--- EXERCISE REQUIREMENTS ---
I would like the lines below, from the one with "ycsza؂藎Ƃ@1000i500×2j" through the one with "Outdoor Eco Friendly", copied exactly and without any pictures.

--- EXERCISE DATA ---
*** Block opens ***
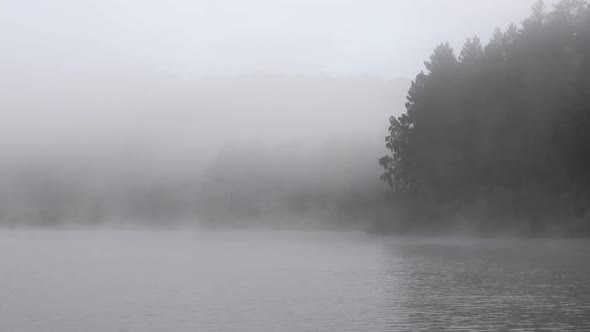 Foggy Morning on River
*** Block closes ***
*** Block opens ***
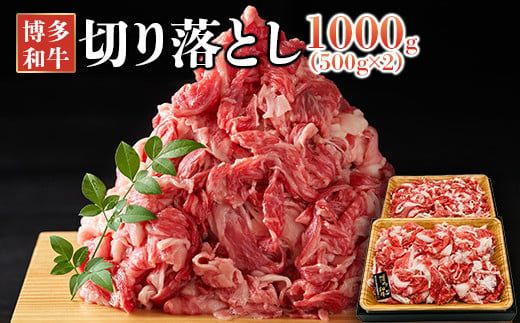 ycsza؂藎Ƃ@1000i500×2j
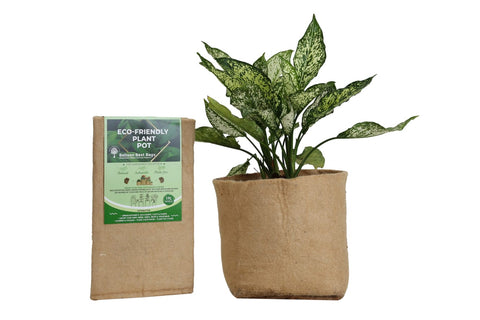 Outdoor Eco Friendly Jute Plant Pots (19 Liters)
*** Block closes ***
--- OUTPUT FOR THIS EXERCISE ---
 ycsza؂藎Ƃ@1000i500×2j
 Outdoor Eco Friendly Jute Plant Pots (19 Liters)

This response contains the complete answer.